* _Records drawn from a dataset_
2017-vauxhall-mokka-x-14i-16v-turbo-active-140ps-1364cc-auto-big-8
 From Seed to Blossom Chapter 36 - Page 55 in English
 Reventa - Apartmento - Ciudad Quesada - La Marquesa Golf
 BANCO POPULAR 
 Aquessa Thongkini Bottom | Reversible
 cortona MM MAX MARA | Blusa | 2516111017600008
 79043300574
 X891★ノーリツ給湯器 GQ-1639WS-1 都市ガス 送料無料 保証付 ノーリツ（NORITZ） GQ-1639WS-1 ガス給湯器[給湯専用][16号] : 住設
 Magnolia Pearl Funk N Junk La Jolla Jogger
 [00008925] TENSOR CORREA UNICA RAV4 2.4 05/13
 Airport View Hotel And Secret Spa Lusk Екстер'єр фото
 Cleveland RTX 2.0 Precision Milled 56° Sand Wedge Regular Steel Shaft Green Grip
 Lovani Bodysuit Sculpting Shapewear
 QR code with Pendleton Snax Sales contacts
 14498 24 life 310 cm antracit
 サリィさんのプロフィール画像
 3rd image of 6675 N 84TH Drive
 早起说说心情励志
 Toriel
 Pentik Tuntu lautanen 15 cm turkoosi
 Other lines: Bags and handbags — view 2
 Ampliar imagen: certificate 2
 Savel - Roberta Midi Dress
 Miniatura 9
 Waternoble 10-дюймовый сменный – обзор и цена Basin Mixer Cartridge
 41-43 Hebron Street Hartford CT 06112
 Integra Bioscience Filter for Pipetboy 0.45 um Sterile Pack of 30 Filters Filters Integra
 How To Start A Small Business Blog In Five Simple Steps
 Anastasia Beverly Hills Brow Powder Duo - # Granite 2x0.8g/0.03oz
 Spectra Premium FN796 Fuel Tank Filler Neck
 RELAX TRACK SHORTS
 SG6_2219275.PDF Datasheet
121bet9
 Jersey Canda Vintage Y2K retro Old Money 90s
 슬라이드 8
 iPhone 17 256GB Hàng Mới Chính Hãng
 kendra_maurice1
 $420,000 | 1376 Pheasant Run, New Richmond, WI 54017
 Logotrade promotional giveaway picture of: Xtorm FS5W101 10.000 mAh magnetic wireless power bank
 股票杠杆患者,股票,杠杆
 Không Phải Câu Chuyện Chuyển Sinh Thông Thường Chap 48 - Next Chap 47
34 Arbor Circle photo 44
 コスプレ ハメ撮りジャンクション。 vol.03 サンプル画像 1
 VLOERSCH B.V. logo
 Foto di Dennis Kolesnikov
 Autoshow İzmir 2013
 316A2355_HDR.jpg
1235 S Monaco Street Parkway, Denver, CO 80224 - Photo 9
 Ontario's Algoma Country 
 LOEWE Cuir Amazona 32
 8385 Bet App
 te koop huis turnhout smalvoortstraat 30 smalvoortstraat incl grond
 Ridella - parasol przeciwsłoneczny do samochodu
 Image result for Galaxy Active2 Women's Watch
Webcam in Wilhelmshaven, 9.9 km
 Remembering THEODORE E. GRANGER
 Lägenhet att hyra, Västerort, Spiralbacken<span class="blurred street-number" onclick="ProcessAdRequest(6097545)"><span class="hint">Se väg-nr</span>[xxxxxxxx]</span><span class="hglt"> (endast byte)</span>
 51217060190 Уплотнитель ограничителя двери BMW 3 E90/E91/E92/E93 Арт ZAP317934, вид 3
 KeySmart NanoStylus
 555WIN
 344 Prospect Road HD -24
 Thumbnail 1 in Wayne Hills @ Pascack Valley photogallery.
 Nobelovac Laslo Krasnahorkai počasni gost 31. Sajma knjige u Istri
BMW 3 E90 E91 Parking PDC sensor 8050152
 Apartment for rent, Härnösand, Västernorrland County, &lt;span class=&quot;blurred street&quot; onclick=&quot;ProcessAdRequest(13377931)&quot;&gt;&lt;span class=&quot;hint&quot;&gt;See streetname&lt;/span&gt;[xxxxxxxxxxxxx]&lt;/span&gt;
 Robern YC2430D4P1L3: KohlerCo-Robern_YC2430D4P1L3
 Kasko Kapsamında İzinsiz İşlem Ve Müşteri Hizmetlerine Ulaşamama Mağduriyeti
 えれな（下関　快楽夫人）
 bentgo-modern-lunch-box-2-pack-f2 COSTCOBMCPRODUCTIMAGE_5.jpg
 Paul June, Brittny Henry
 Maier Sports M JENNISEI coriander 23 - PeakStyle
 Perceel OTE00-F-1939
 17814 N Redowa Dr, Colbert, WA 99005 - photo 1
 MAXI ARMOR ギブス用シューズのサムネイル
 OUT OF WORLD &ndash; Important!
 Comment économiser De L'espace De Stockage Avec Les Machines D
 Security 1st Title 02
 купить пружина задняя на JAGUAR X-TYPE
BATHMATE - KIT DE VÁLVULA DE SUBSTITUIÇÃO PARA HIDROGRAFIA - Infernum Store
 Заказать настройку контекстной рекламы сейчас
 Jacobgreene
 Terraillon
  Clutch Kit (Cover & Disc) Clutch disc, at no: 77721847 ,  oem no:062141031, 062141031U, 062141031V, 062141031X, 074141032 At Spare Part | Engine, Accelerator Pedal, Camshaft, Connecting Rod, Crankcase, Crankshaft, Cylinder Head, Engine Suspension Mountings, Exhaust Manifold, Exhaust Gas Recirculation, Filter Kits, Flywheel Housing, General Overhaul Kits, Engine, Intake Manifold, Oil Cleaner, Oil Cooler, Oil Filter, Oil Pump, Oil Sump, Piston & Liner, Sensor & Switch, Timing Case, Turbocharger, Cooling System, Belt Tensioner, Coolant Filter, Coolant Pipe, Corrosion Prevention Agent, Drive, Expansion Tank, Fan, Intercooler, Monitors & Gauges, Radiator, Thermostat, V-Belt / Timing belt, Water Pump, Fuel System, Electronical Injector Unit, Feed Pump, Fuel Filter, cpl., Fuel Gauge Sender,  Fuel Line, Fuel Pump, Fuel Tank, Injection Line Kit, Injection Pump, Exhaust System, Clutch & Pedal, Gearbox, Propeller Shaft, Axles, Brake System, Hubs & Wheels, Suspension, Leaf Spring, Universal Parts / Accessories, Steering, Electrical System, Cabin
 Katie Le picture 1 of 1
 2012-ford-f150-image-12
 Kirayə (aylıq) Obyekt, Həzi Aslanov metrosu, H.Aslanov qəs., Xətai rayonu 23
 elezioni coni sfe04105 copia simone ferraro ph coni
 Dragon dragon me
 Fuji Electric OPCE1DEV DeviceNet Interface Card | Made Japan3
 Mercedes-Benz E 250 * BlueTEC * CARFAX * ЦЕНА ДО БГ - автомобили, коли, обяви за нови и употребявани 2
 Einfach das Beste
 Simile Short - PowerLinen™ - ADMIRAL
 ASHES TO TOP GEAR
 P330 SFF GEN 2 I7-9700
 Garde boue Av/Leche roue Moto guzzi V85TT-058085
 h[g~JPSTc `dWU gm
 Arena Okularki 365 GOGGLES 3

* _Requirement_
Each line of the data has to be written out exactly as it appears.

* _Task response_
2017-vauxhall-mokka-x-14i-16v-turbo-active-140ps-1364cc-auto-big-8
 From Seed to Blossom Chapter 36 - Page 55 in English
 Reventa - Apartmento - Ciudad Quesada - La Marquesa Golf
 BANCO POPULAR 
 Aquessa Thongkini Bottom | Reversible
 cortona MM MAX MARA | Blusa | 2516111017600008
 79043300574
 X891★ノーリツ給湯器 GQ-1639WS-1 都市ガス 送料無料 保証付 ノーリツ（NORITZ） GQ-1639WS-1 ガス給湯器[給湯専用][16号] : 住設
 Magnolia Pearl Funk N Junk La Jolla Jogger
 [00008925] TENSOR CORREA UNICA RAV4 2.4 05/13
 Airport View Hotel And Secret Spa Lusk Екстер'єр фото
 Cleveland RTX 2.0 Precision Milled 56° Sand Wedge Regular Steel Shaft Green Grip
 Lovani Bodysuit Sculpting Shapewear
 QR code with Pendleton Snax Sales contacts
 14498 24 life 310 cm antracit
 サリィさんのプロフィール画像
 3rd image of 6675 N 84TH Drive
 早起说说心情励志
 Toriel
 Pentik Tuntu lautanen 15 cm turkoosi
 Other lines: Bags and handbags — view 2
 Ampliar imagen: certificate 2
 Savel - Roberta Midi Dress
 Miniatura 9
 Waternoble 10-дюймовый сменный – обзор и цена Basin Mixer Cartridge
 41-43 Hebron Street Hartford CT 06112
 Integra Bioscience Filter for Pipetboy 0.45 um Sterile Pack of 30 Filters Filters Integra
 How To Start A Small Business Blog In Five Simple Steps
 Anastasia Beverly Hills Brow Powder Duo - # Granite 2x0.8g/0.03oz
 Spectra Premium FN796 Fuel Tank Filler Neck
 RELAX TRACK SHORTS
 SG6_2219275.PDF Datasheet
121bet9
 Jersey Canda Vintage Y2K retro Old Money 90s
 슬라이드 8
 iPhone 17 256GB Hàng Mới Chính Hãng
 kendra_maurice1
 $420,000 | 1376 Pheasant Run, New Richmond, WI 54017
 Logotrade promotional giveaway picture of: Xtorm FS5W101 10.000 mAh magnetic wireless power bank
 股票杠杆患者,股票,杠杆
 Không Phải Câu Chuyện Chuyển Sinh Thông Thường Chap 48 - Next Chap 47
34 Arbor Circle photo 44
 コスプレ ハメ撮りジャンクション。 vol.03 サンプル画像 1
 VLOERSCH B.V. logo
 Foto di Dennis Kolesnikov
 Autoshow İzmir 2013
 316A2355_HDR.jpg
1235 S Monaco Street Parkway, Denver, CO 80224 - Photo 9
 Ontario's Algoma Country 
 LOEWE Cuir Amazona 32
 8385 Bet App
 te koop huis turnhout smalvoortstraat 30 smalvoortstraat incl grond
 Ridella - parasol przeciwsłoneczny do samochodu
 Image result for Galaxy Active2 Women's Watch
Webcam in Wilhelmshaven, 9.9 km
 Remembering THEODORE E. GRANGER
 Lägenhet att hyra, Västerort, Spiralbacken<span class="blurred street-number" onclick="ProcessAdRequest(6097545)"><span class="hint">Se väg-nr</span>[xxxxxxxx]</span><span class="hglt"> (endast byte)</span>
 51217060190 Уплотнитель ограничителя двери BMW 3 E90/E91/E92/E93 Арт ZAP317934, вид 3
 KeySmart NanoStylus
 555WIN
 344 Prospect Road HD -24
 Thumbnail 1 in Wayne Hills @ Pascack Valley photogallery.
 Nobelovac Laslo Krasnahorkai počasni gost 31. Sajma knjige u Istri
BMW 3 E90 E91 Parking PDC sensor 8050152
 Apartment for rent, Härnösand, Västernorrland County, &lt;span class=&quot;blurred street&quot; onclick=&quot;ProcessAdRequest(13377931)&quot;&gt;&lt;span class=&quot;hint&quot;&gt;See streetname&lt;/span&gt;[xxxxxxxxxxxxx]&lt;/span&gt;
 Robern YC2430D4P1L3: KohlerCo-Robern_YC2430D4P1L3
 Kasko Kapsamında İzinsiz İşlem Ve Müşteri Hizmetlerine Ulaşamama Mağduriyeti
 えれな（下関　快楽夫人）
 bentgo-modern-lunch-box-2-pack-f2 COSTCOBMCPRODUCTIMAGE_5.jpg
 Paul June, Brittny Henry
 Maier Sports M JENNISEI coriander 23 - PeakStyle
 Perceel OTE00-F-1939
 17814 N Redowa Dr, Colbert, WA 99005 - photo 1
 MAXI ARMOR ギブス用シューズのサムネイル
 OUT OF WORLD &ndash; Important!
 Comment économiser De L'espace De Stockage Avec Les Machines D
 Security 1st Title 02
 купить пружина задняя на JAGUAR X-TYPE
BATHMATE - KIT DE VÁLVULA DE SUBSTITUIÇÃO PARA HIDROGRAFIA - Infernum Store
 Заказать настройку контекстной рекламы сейчас
 Jacobgreene
 Terraillon
  Clutch Kit (Cover & Disc) Clutch disc, at no: 77721847 ,  oem no:062141031, 062141031U, 062141031V, 062141031X, 074141032 At Spare Part | Engine, Accelerator Pedal, Camshaft, Connecting Rod, Crankcase, Crankshaft, Cylinder Head, Engine Suspension Mountings, Exhaust Manifold, Exhaust Gas Recirculation, Filter Kits, Flywheel Housing, General Overhaul Kits, Engine, Intake Manifold, Oil Cleaner, Oil Cooler, Oil Filter, Oil Pump, Oil Sump, Piston & Liner, Sensor & Switch, Timing Case, Turbocharger, Cooling System, Belt Tensioner, Coolant Filter, Coolant Pipe, Corrosion Prevention Agent, Drive, Expansion Tank, Fan, Intercooler, Monitors & Gauges, Radiator, Thermostat, V-Belt / Timing belt, Water Pump, Fuel System, Electronical Injector Unit, Feed Pump, Fuel Filter, cpl., Fuel Gauge Sender,  Fuel Line, Fuel Pump, Fuel Tank, Injection Line Kit, Injection Pump, Exhaust System, Clutch & Pedal, Gearbox, Propeller Shaft, Axles, Brake System, Hubs & Wheels, Suspension, Leaf Spring, Universal Parts / Accessories, Steering, Electrical System, Cabin
 Katie Le picture 1 of 1
 2012-ford-f150-image-12
 Kirayə (aylıq) Obyekt, Həzi Aslanov metrosu, H.Aslanov qəs., Xətai rayonu 23
 elezioni coni sfe04105 copia simone ferraro ph coni
 Dragon dragon me
 Fuji Electric OPCE1DEV DeviceNet Interface Card | Made Japan3
 Mercedes-Benz E 250 * BlueTEC * CARFAX * ЦЕНА ДО БГ - автомобили, коли, обяви за нови и употребявани 2
 Einfach das Beste
 Simile Short - PowerLinen™ - ADMIRAL
 ASHES TO TOP GEAR
 P330 SFF GEN 2 I7-9700
 Garde boue Av/Leche roue Moto guzzi V85TT-058085
 h[g~JPSTc `dWU gm
 Arena Okularki 365 GOGGLES 3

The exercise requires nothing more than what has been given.